**Exercise goal**
Print all the data that follows exactly, images excluded.

**Source material**
------

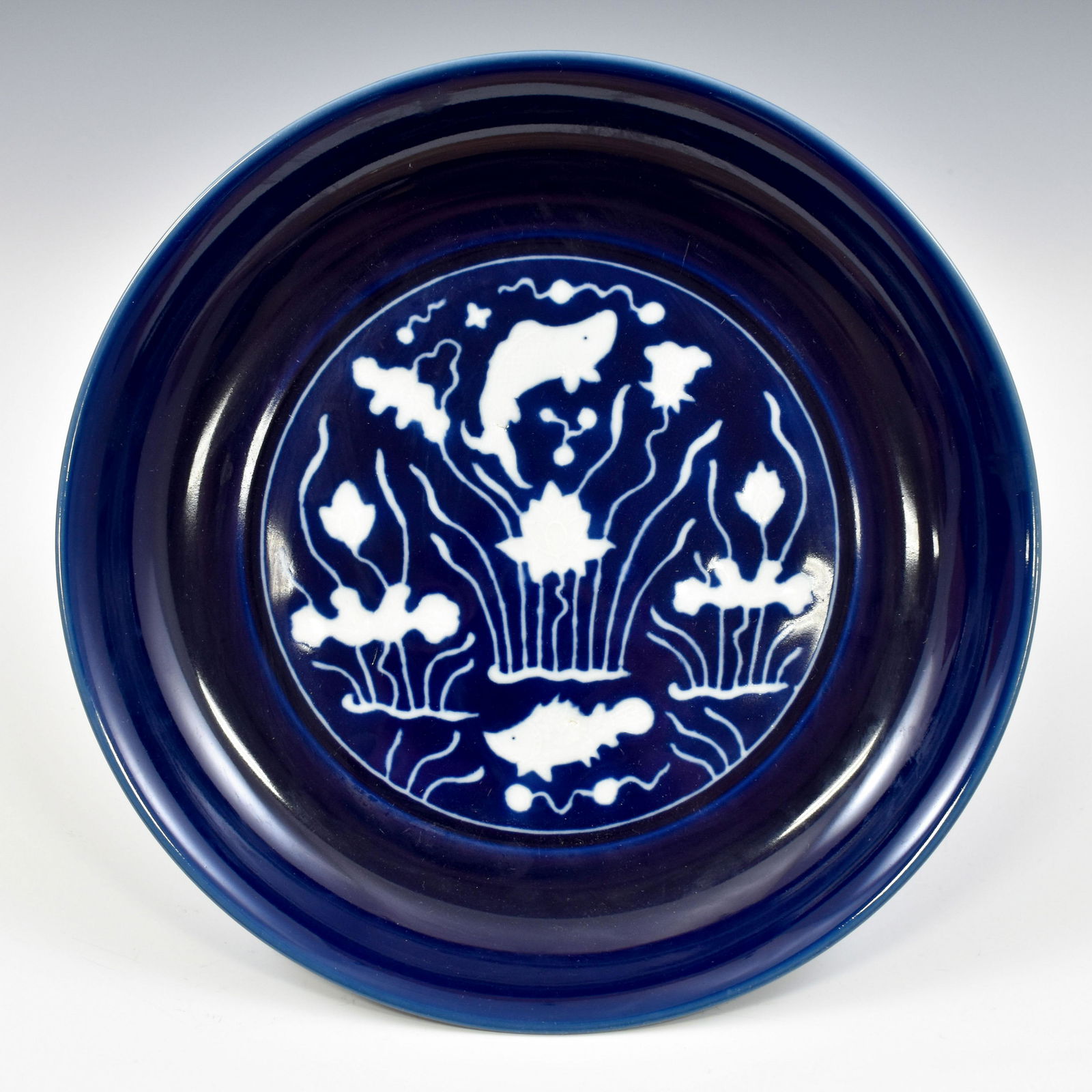 MING XUANDE REVERSED BLUE FISH LOTUS POND PLATE (1 of 7)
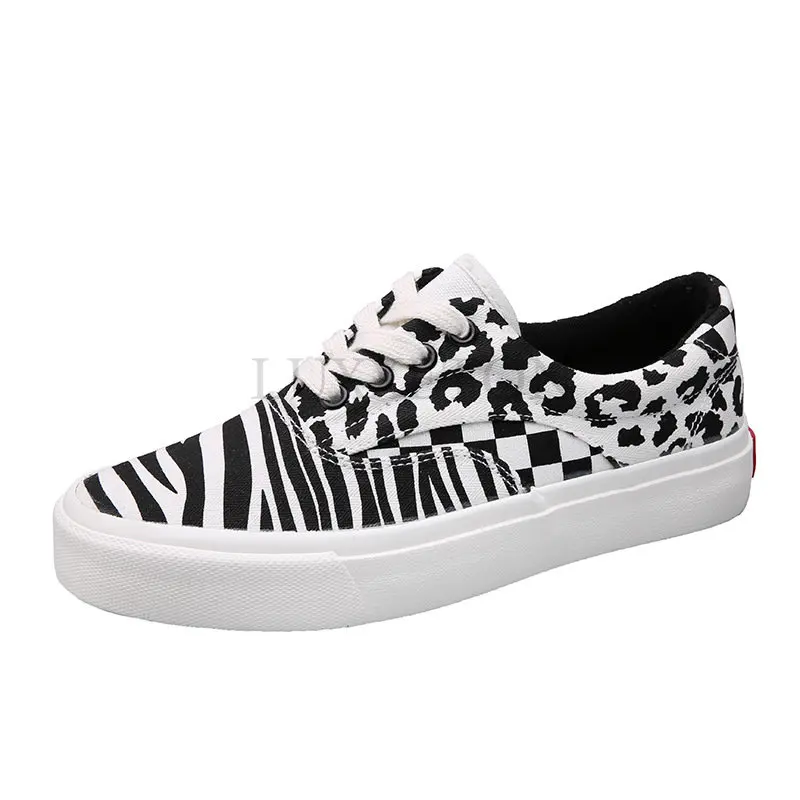 Classics Canvas Shoes Women Sneakers Fashion Zebra Pattern Mixed Casual Shoes Woman Low-cut Ladies Four Seasons Shoes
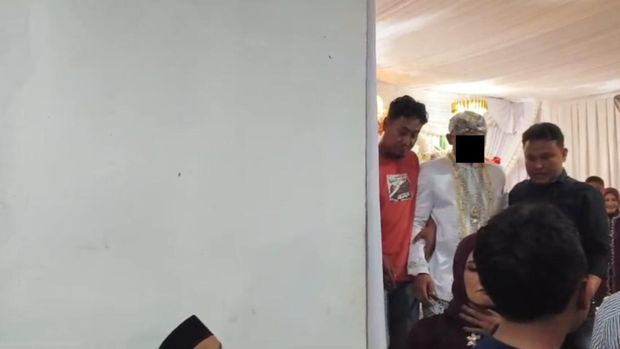 Saat H (24) diringkus jajaran Polsek Ibun saat resepsi pernikahan di Ibun, Kabupaten Bandung Saat H (24) diringkus jajaran Polsek Ibun saat resepsi pernikahan di Ibun, Kabupaten Bandung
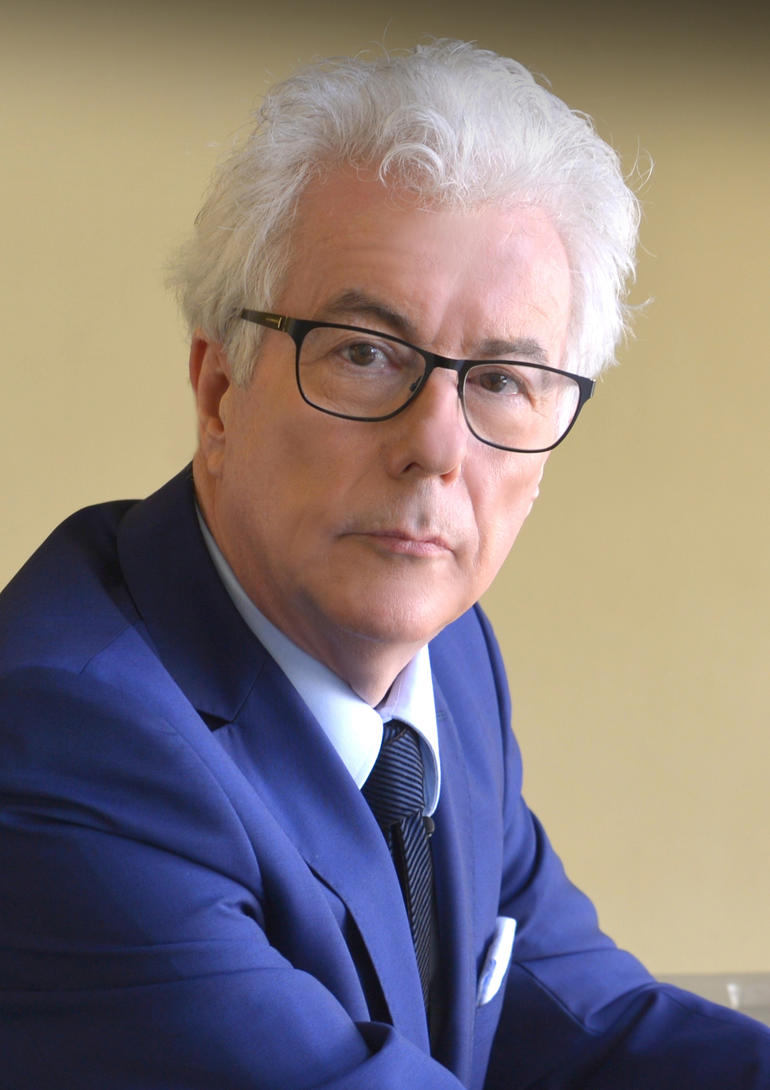 ken follett a harmadik iker life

------

**Task output**
 MING XUANDE REVERSED BLUE FISH LOTUS POND PLATE (1 of 7)
 Classics Canvas Shoes Women Sneakers Fashion Zebra Pattern Mixed Casual Shoes Woman Low-cut Ladies Four Seasons Shoes
 Saat H (24) diringkus jajaran Polsek Ibun saat resepsi pernikahan di Ibun, Kabupaten Bandung Saat H (24) diringkus jajaran Polsek Ibun saat resepsi pernikahan di Ibun, Kabupaten Bandung
 ken follett a harmadik iker life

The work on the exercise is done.